Durante todo el siglo pasado, el cristianismo ha sufrido una epidemia de videntes. Los católicos pastorcillos de Fátima tienen equivalencias en grupos evangélicos, a través de profetas espontáneos y soñadores profesionales. Fue un espectáculo deprimente ver, vía satélite, al inteligente Cardenal Ratzinger develando el supuesto tercer secreto de la virgen María, en forma simultánea con el anuncio científico sobre la decodificación del genoma humano; las dos transmisiones, enfrentadas en las telepantallas, parecían la secuencia de una película de Luis Buñuel.

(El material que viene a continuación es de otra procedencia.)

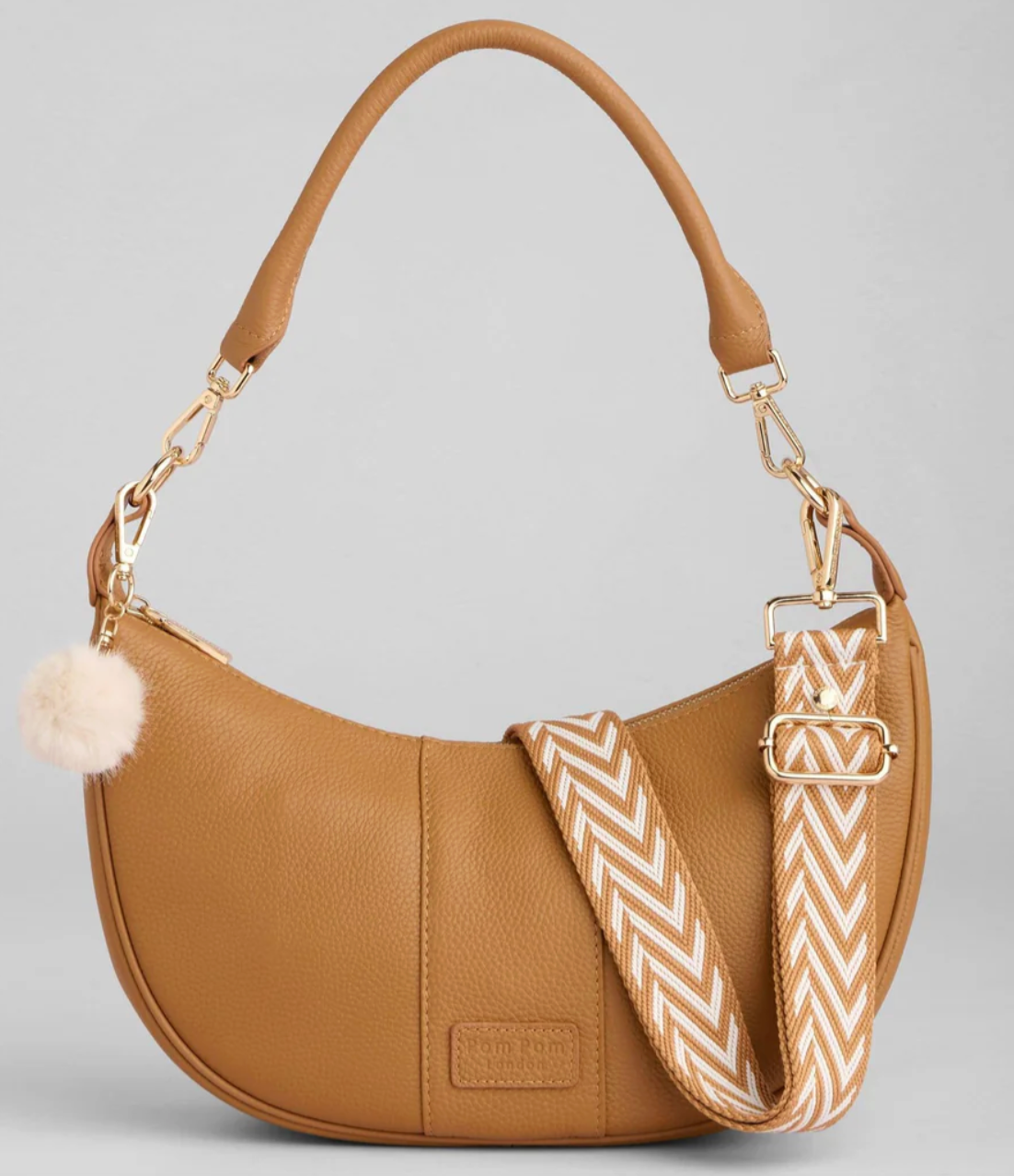 Pom Pom London Sutton Sling Bag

Los que calificaron dentro del cristianismo a las ciencias psíquicas como invención satánica son, paradójicamente, los más inclinados a practicarlas bajo una falsa caparazón de dones espirituales. Esta anormalidad ha entrometido el surrealismo en la iglesia, pues el movimiento así llamado se define a sí mismo como un espejo que refleja las cosas, no como son en la realidad, sino como son en los sueños. Eso, al menos, pensaba Apollinaire, que es el eslabón perdido entre los simbolistas y los surrealistas. Pero, ¿qué diría, por ejemplo Jeremías?
Yo estoy contra los profetas que cuentan sueños mentirosos, y que al contarlos hacen que mi pueblo se extravíe con sus mentiras y sus presunciones –afirma el Señor-. Yo no los he enviado ni les he dado ninguna orden. Son del todo inútiles para este pueblo –afirma el Señor-.
Jeremías 23:32.
Bueno será aclarar en este punto que soy un convencido del actualismo de los carismas, que en mi iglesia se practican en forma muy activa y que, precisamente por eso, veo con preocupación las falsificaciones que de ellos se han hecho en los últimos decenios de una centuria marcada indeleblemente por un desbordado manifestacionismo.
(Darío Silva-Silva. Extractado del libro El Reto de Dios, páginas 166-167)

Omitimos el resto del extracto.